Okla. Stat. tit. 12A § 1-9-307

Current through Laws 2024, c. 453.
Section 1-9-307 - Location of debtor
(a) In this section, "place of business" means a place where a debtor conducts its affairs.
(b) Except as otherwise provided in this section, the following rules determine a debtor's location:
(1) A debtor who is an individual is located at the individual's principal residence;
(2) A debtor that is an organization and has only one place of business is located at its place of business; and
(3) A debtor that is an organization and has more than one place of business is located at its chief executive office.
(c) Subsection (b) of this section applies only if a debtor's residence, place of business, or chief executive office, as applicable, is located in a jurisdiction whose law generally requires information concerning the existence of a nonpossessory security interest to be made generally available in a filing, recording, or registration system as a condition or result of the security interest's obtaining priority over the rights of a lien creditor with respect to the collateral. If subsection (b) of this section does not apply, the debtor is located in the District of Columbia.
(d) A person that ceases to exist, have a residence, or have a place of business continues to be located in the jurisdiction specified by subsections (b) and (c) of this section.
(e) A registered organization that is organized under the law of a state is located in that state.
(f) Except as otherwise provided in subsection (i) of this section, a registered organization that is organized under the law of the United States and a branch or agency of a bank that is not organized under the law of the United States or a state are located:
(1) in the state that the law of the United States designates, if the law designates a state of location;
(2) in the state that the registered organization, branch, or agency designates, if the law of the United States authorizes the registered organization, branch, or agency to designate its state of location, including by designating its main office, home office, or other comparable office; or
(3) in the District of Columbia, if neither paragraph (1) nor paragraph (2) of this subsection applies.
(g) A registered organization continues to be located in the jurisdiction specified by subsection (e) or (f) of this section notwithstanding:
(1) the suspension, revocation, forfeiture, or lapse of the registered organization's status as such in its jurisdiction of organization; or
(2) the dissolution, winding up, or cancellation of the existence of the registered organization.
(h) The United States is located in the District of Columbia.
(i) A branch or agency of a bank that is not organized under the law of the United States or a state is located in the state in which the branch or agency is licensed, if all branches and agencies of the bank are licensed in only one state.
(j) A foreign air carrier under the Federal Aviation Act of 1958, as amended, is located at the designated office of the agent upon which service of process may be made on behalf of the carrier.
(k) This section applies only for purposes of this part.

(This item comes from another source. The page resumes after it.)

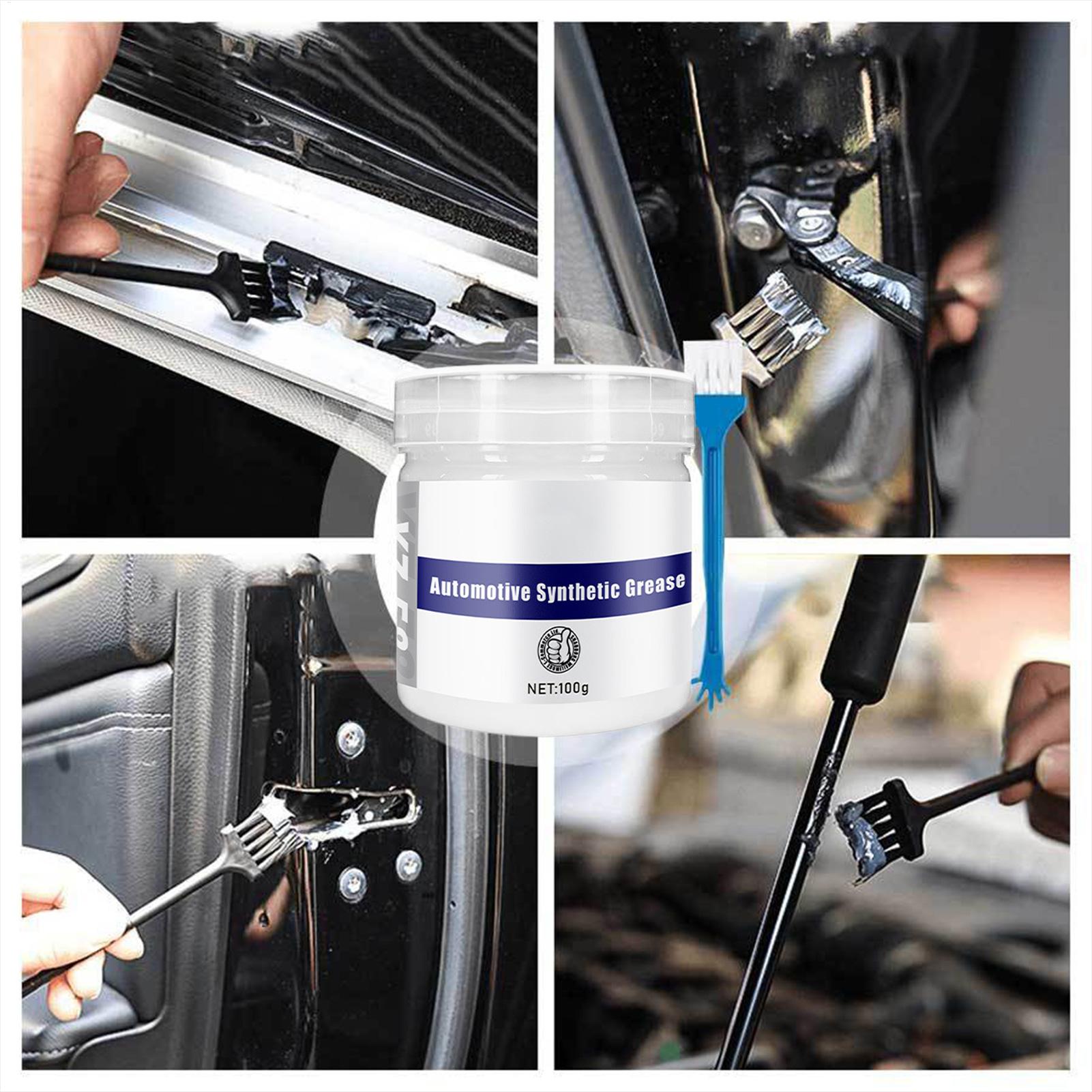 Bearing Grease High-Temp Noise - огляд і ціна Reel Lubricant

Okla. Stat. tit. 12A, § 1-9-307

Amended by Laws 2015 , c. 374, s. 3, eff. 11/1/2015.
Added by Laws 2000 , SB 1519, c. 371, § 27, eff. 7/1/2001.

Oklahoma Code Comment

New section 9-307 generally follows current law in some respects: The location of the debtor is the debtor's place of business (or chief executive office, if the debtor has more than one place of business). But new section 9-307 contains three major exceptions. First, a "registered organization," such as a corporation or limited liability company, is located in the state under whose law the debtor is organized, e.g., a corporate debtor's state of incorporation. Will this cause fewer local filings and more filings in Delaware? Probably not, as many corporations are small and are locally chartered. Second, an individual debtor (i.e., a human being) is located at his or her principal residence. Third, section 9-307 contains special rules for determining the location of the United States and registered organizations organized under the law of the United States.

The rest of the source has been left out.